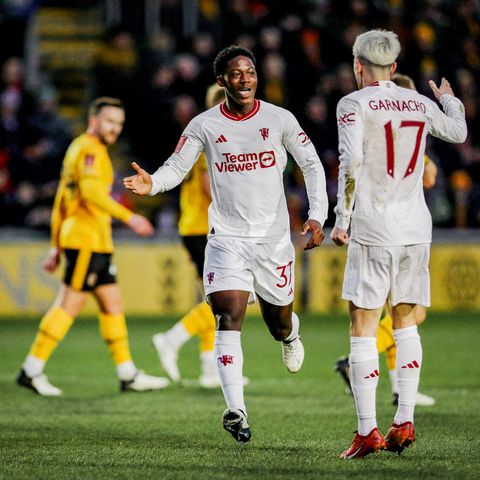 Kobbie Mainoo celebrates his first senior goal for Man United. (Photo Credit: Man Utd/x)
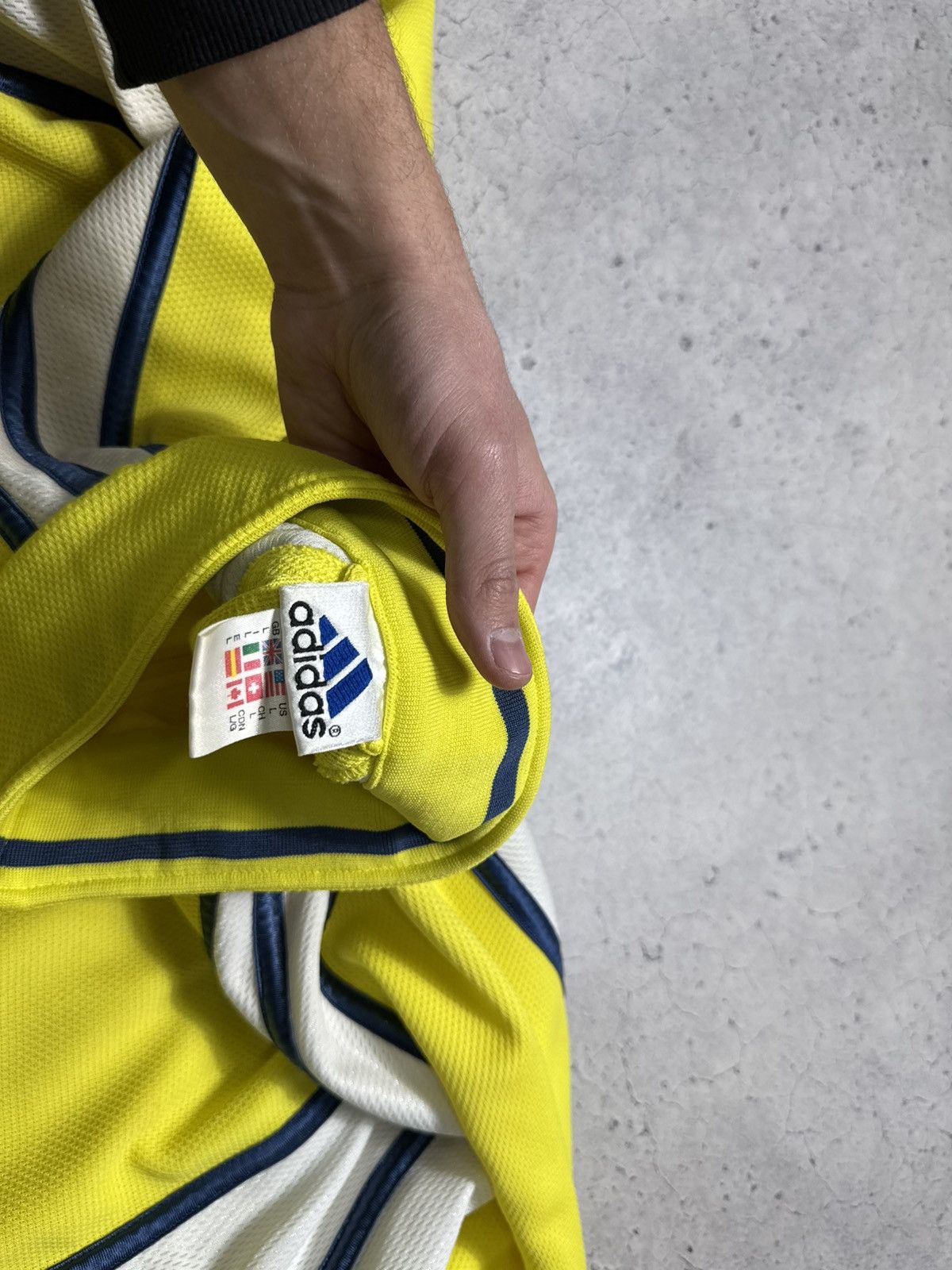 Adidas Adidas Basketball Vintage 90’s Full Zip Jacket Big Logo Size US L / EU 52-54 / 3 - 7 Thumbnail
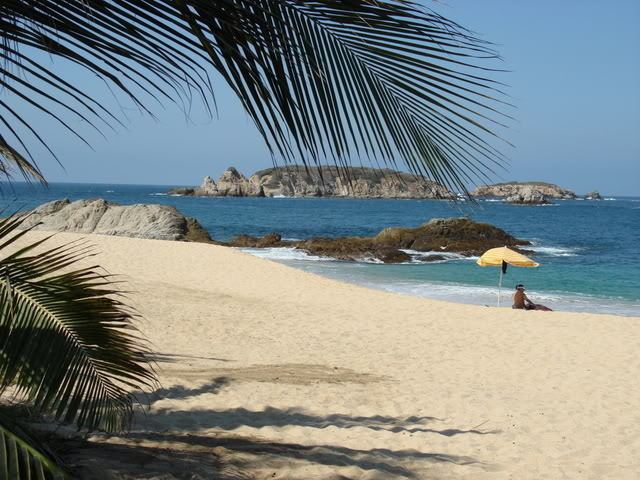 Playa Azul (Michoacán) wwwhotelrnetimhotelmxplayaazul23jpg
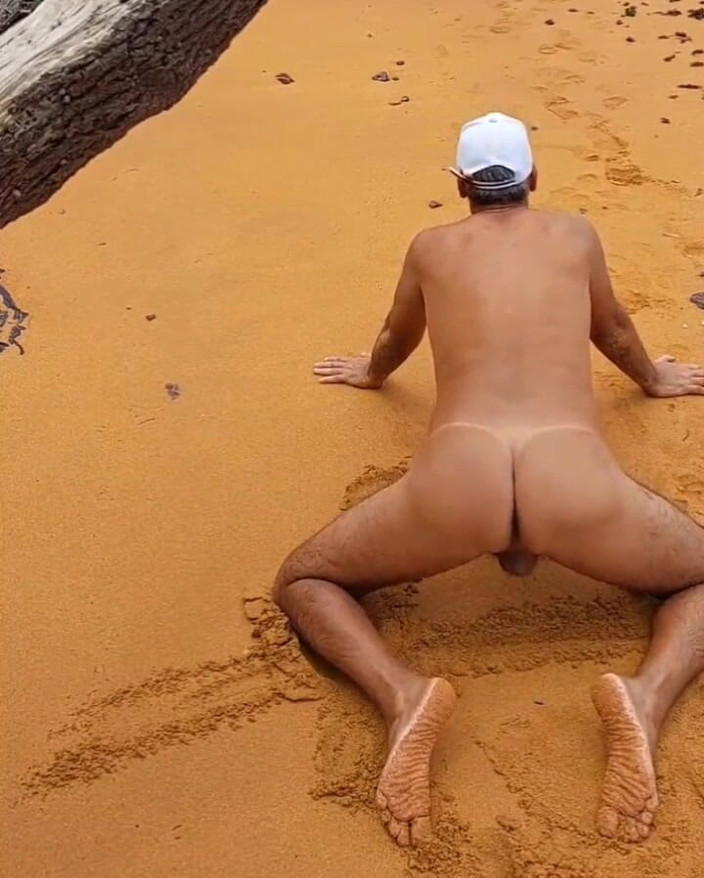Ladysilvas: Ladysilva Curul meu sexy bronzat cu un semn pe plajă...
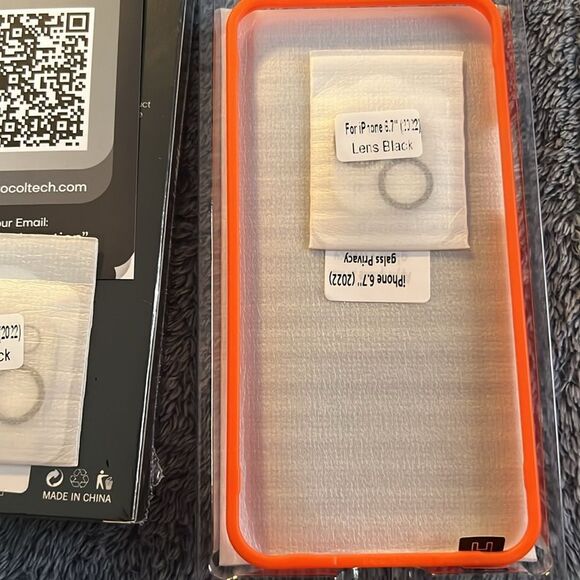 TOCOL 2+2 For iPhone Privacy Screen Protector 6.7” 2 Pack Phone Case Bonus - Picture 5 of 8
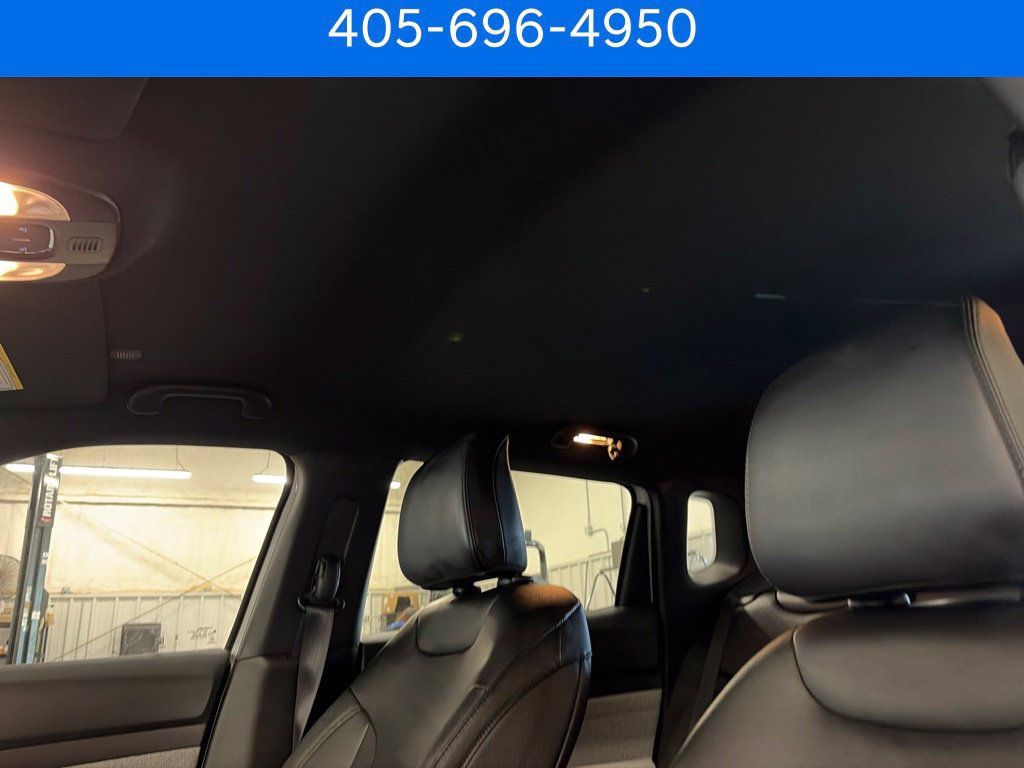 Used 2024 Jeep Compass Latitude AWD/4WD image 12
------------------------------
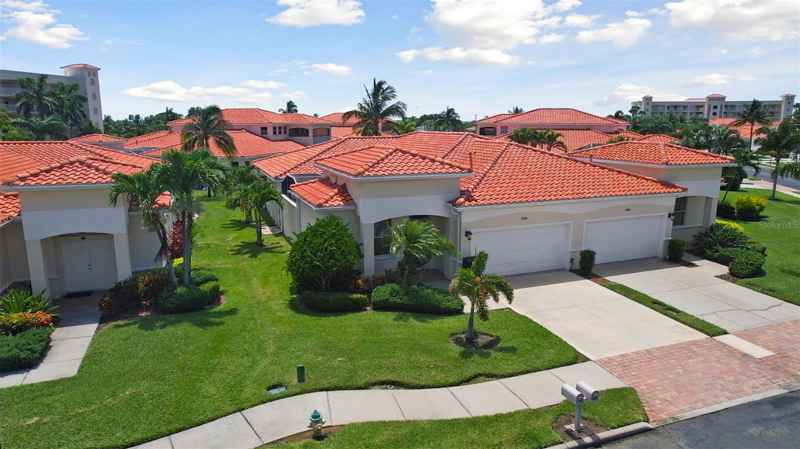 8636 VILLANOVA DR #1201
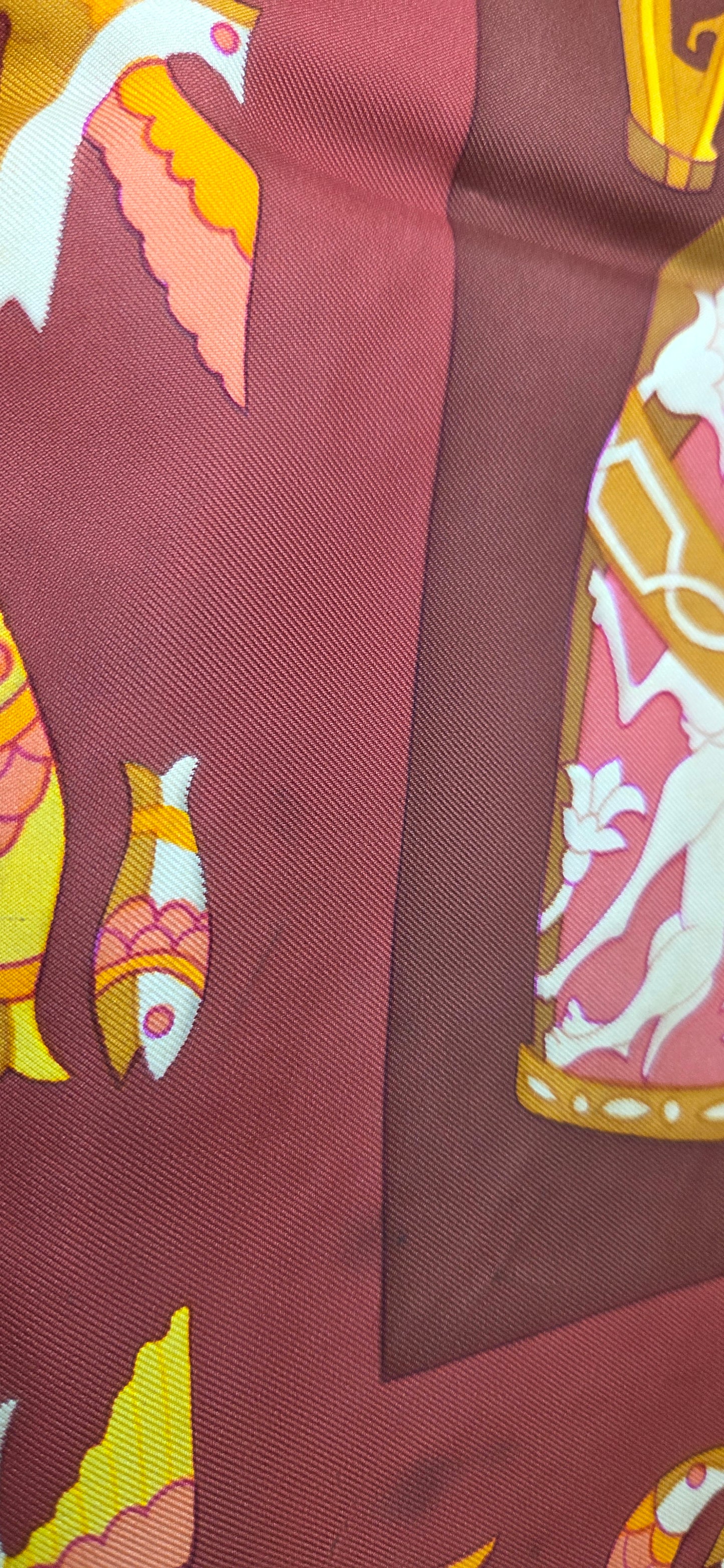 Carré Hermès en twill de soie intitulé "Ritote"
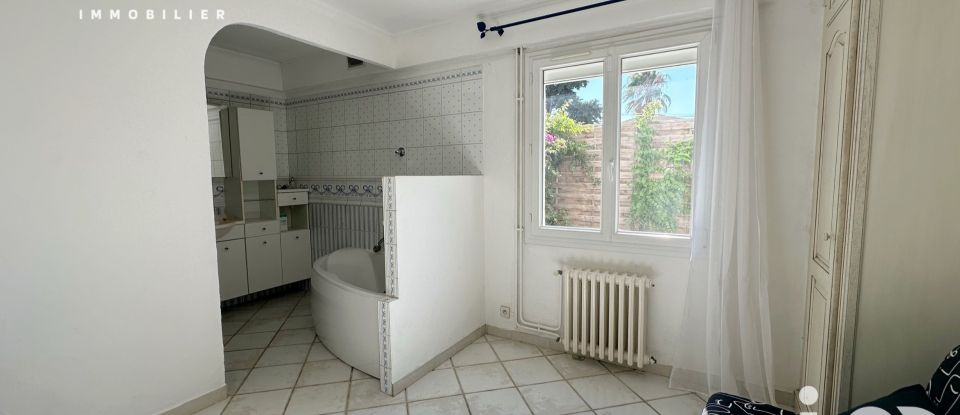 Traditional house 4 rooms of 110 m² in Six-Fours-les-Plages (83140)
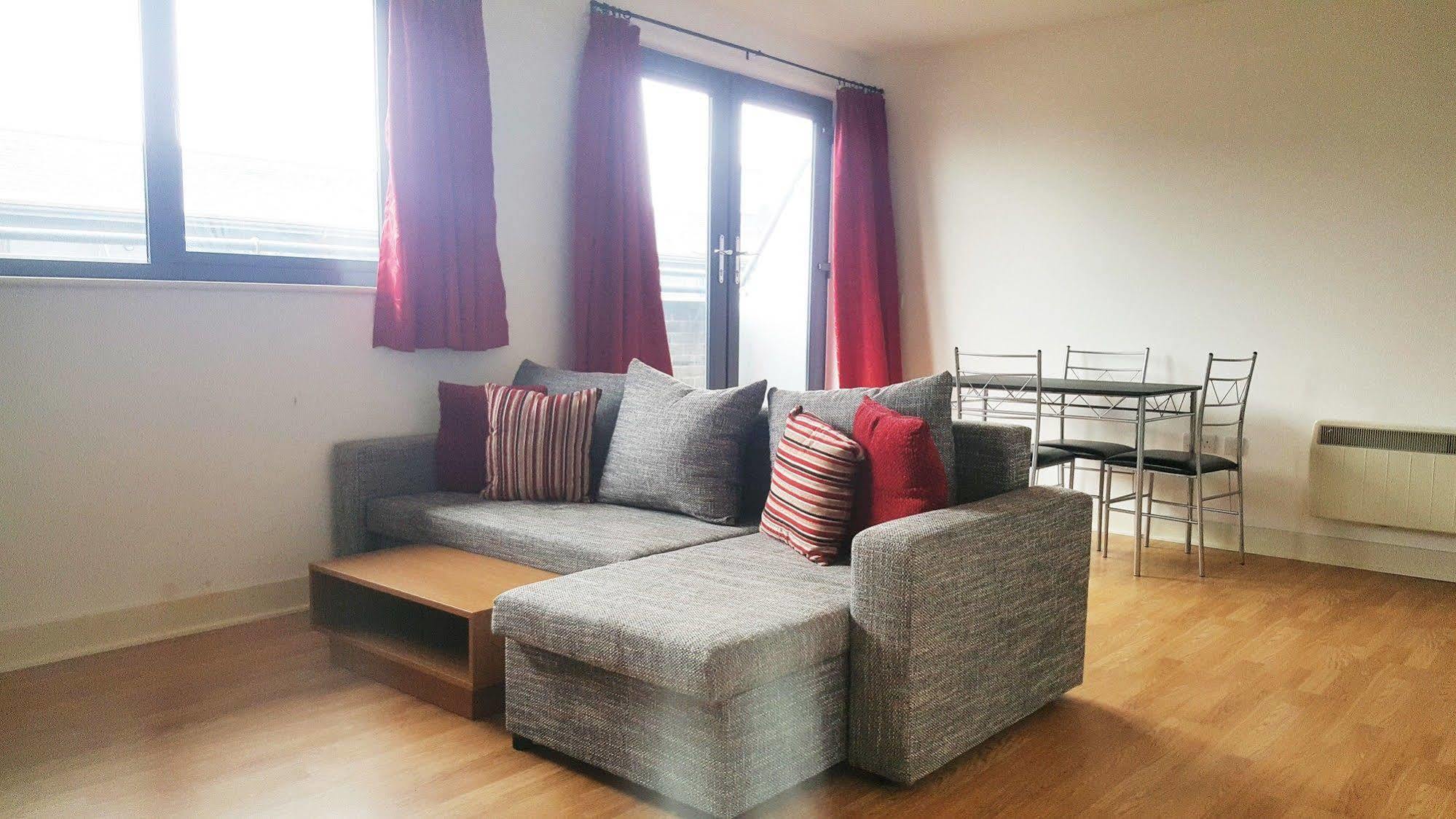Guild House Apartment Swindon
------------------------------
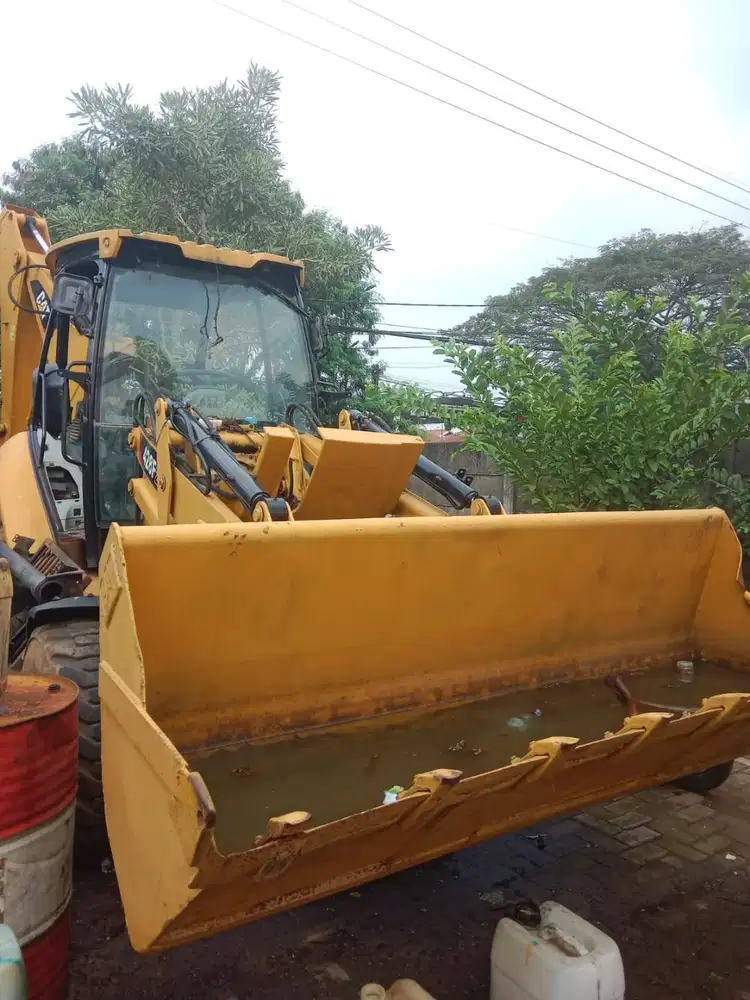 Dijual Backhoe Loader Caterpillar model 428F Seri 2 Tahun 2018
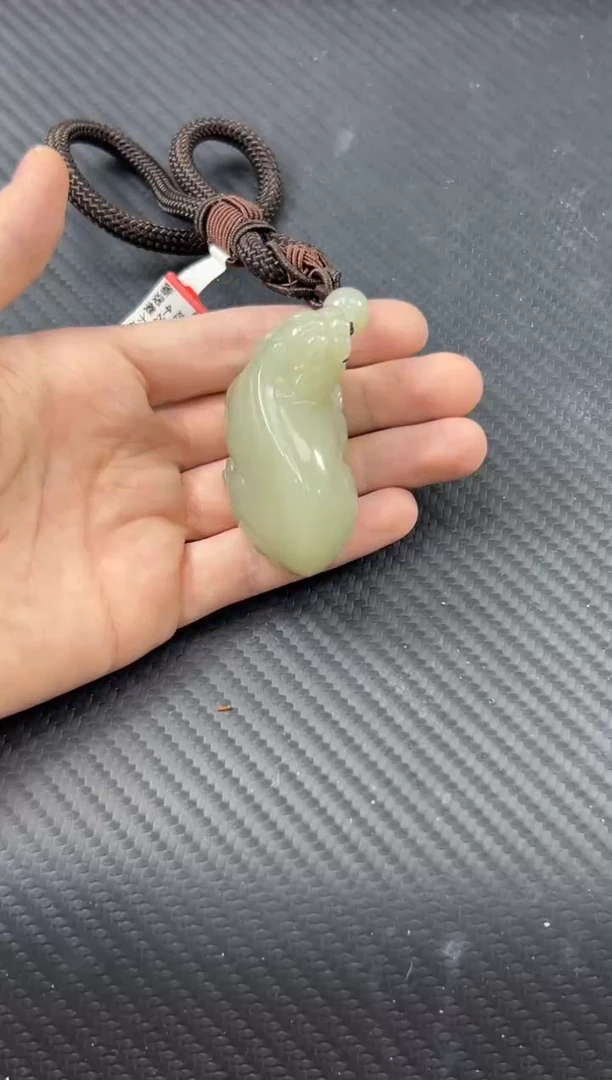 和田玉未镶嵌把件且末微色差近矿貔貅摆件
------------------------------
Copy out the lines above from the line containing "Kobbie Mainoo celebrates" through the line containing "Used 2024 Jeep", exactly, and keep the pictures out.

* ANSWER TO THIS PROBLEM
 Kobbie Mainoo celebrates his first senior goal for Man United. (Photo Credit: Man Utd/x)
 Adidas Adidas Basketball Vintage 90’s Full Zip Jacket Big Logo Size US L / EU 52-54 / 3 - 7 Thumbnail
 Playa Azul (Michoacán) wwwhotelrnetimhotelmxplayaazul23jpg
Ladysilvas: Ladysilva Curul meu sexy bronzat cu un semn pe plajă...
 TOCOL 2+2 For iPhone Privacy Screen Protector 6.7” 2 Pack Phone Case Bonus - Picture 5 of 8
 Used 2024 Jeep Compass Latitude AWD/4WD image 12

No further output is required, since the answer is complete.